Remembering 18 pop culture-inspired Ben & Jerry's ice cream flavors that time forgot
Last night, Tonight Show host Jimmy Fallon announced that a new Ben & Jerry’s flavor has been created in his honor: The Tonight Dough, which is heavy on the — you guessed it — cookie dough.
America’s favorite dessert-hawking hippies can’t resist a good pun, particularly if it draws on pop culture. That’s why Cherry Garcia, Phish Food, and Hazed & Confused number among their hall-of-fame staples. Stephen Colbert’s AmeriCone Dream has been going strong since 2007, and the company reportedly has no plans of discontinuing it now that the host has departed The Colbert Report for the Late Show.
But these are the exception, not the rule. Just as a rolling stone gathers no moss, the zeitgeist rarely stays in one place long enough for trendy new ice creams to truly take hold. (I promise this simile made a lot more sense in my head.) Here are 18 limited-edition flavors inspired by movies, TV, music, and sports that failed to stand the test of time.
Late Night Snack
If you’re wondering whether Jimmy Fallon deserves his own damn ice cream, ask yourself this: Does Jimmy Fallon deserve two damn ice creams? The Tonight Dough is actually a followup to Late Night Snack, which brought fudge-covered potato chips to your freezer section in 2011.
Neapolitan Dynamite
Ben & Jerry’s can never pass up a tasty pun. They borrowed the name of the cult favorite high school comedy to rebrand the chocolate-and-cherry flavor once known as Jerry’s Jubilee in the 2000s.
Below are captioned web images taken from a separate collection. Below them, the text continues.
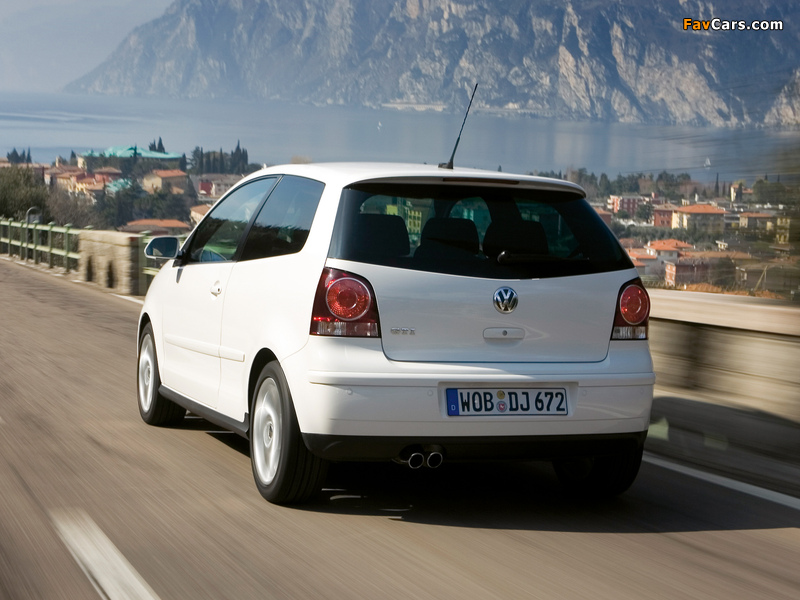 Volkswagen Polo GTI 3-door (Typ 9N3) 2006–09 pictures (800 x 600)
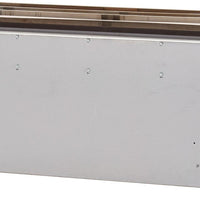 American Range - 36" Salamander Broiler, Single Control with 2 Burners, Stainless Steel - ARSB-36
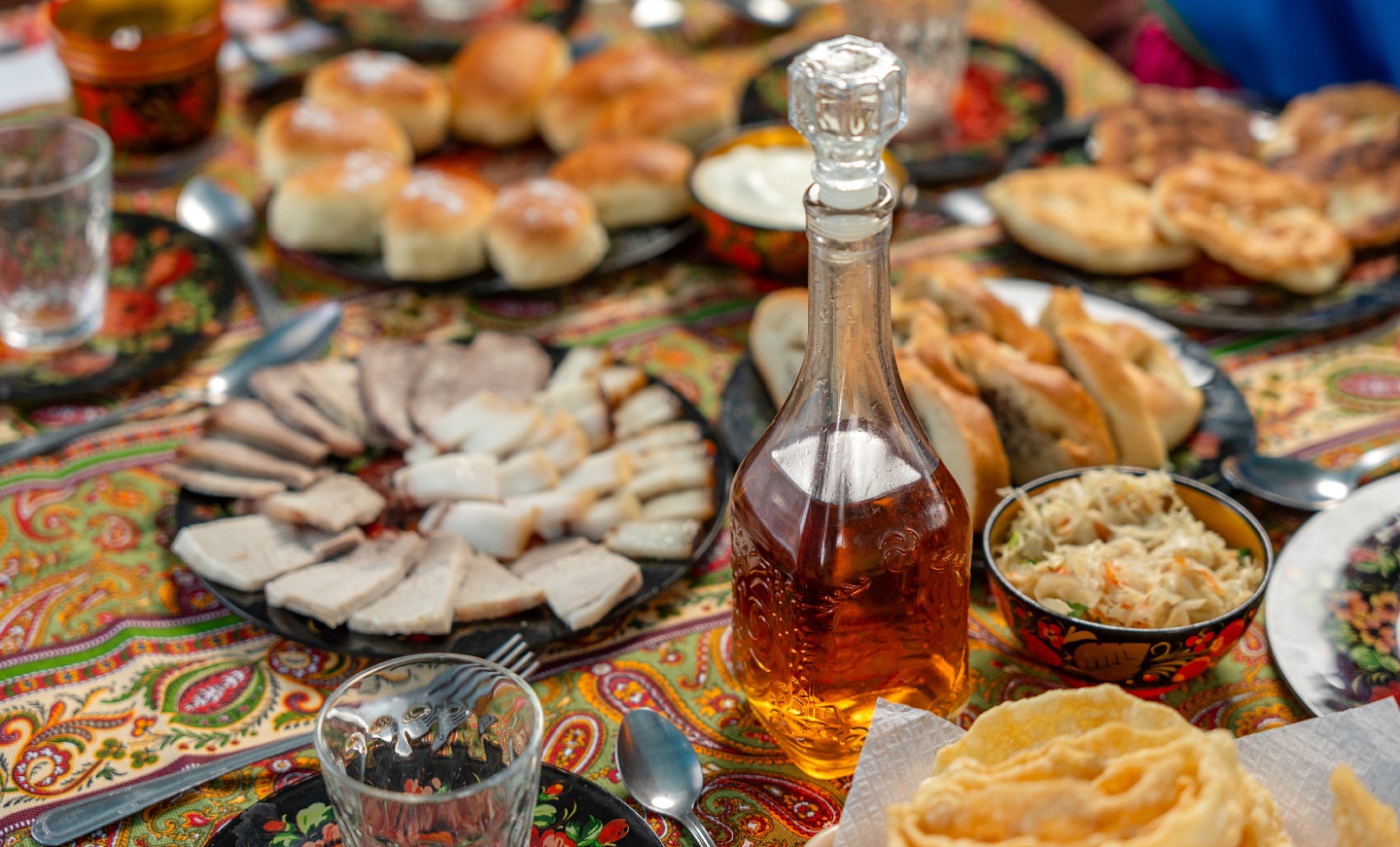 Прибайкальская кухня 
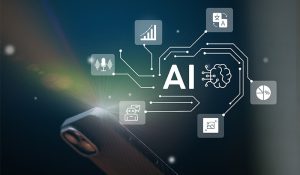 AI-powered AML screening dashboard showing real-time sanctions monitoring and PEP risk detection.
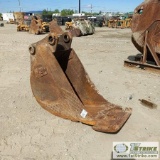 EXCAVATOR ATTACHMENT, DIG BUCKET, 19IN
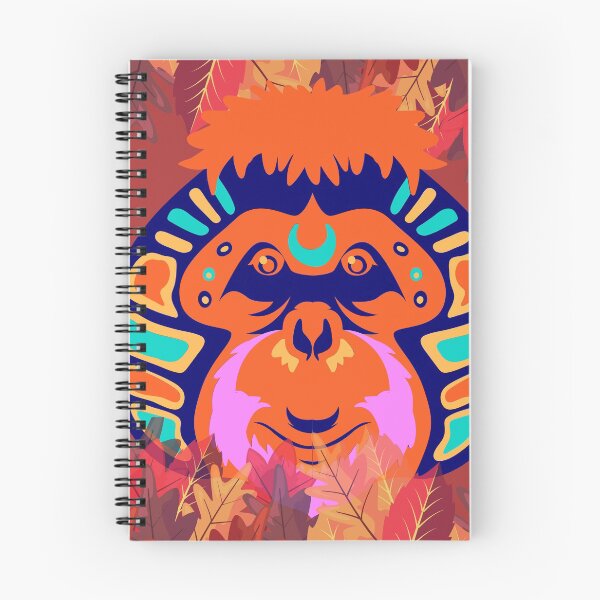 Item preview, Detailed Vibrant Gorilla Head designed and sold by 1ALPHA.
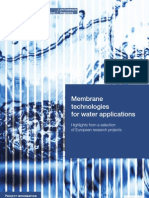 Membrane-Technologies For Water Applications PDF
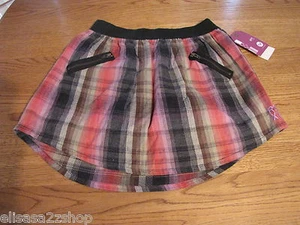 Roxy girls Skirt M Electric Slide 485455 BKN NWT 36.00 ^^ - Picture 1 of 2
We’d like to think that a ~*true*~ Napoleon Dynamite ice cream would taste of quesa-dillas and tater tots.
Willie Nelson’s Country Peach Cobbler
Willie Nelson’s peach ice cream with “cinnamon-sugar shortbread pieces” sounds like it was delicious, but in 2008, 250,000 pints were recalled because their listed ingredients didn’t include wheat — an omission that wasn’t well received by country music fans with allergies.
Festivus
This brown sugar-y ode to Seinfeld hit the shelves for the holidays in 2000 and 2001, later to be resurrected as Gingerbread Cookie and Gingersnap.
Goodbye Yellow Brickle Road
This limited-edition flavor celebrated Elton John’s first-ever performance in Vermont in 2008.
Schweddy Balls
Perma-angry conservative group One Million Moms predictably protested the release of this flavor, a reference to a double entendre made by Alec Baldwin’s character on a fake NPR food show on Saturday Night Live. It only survived one holiday season.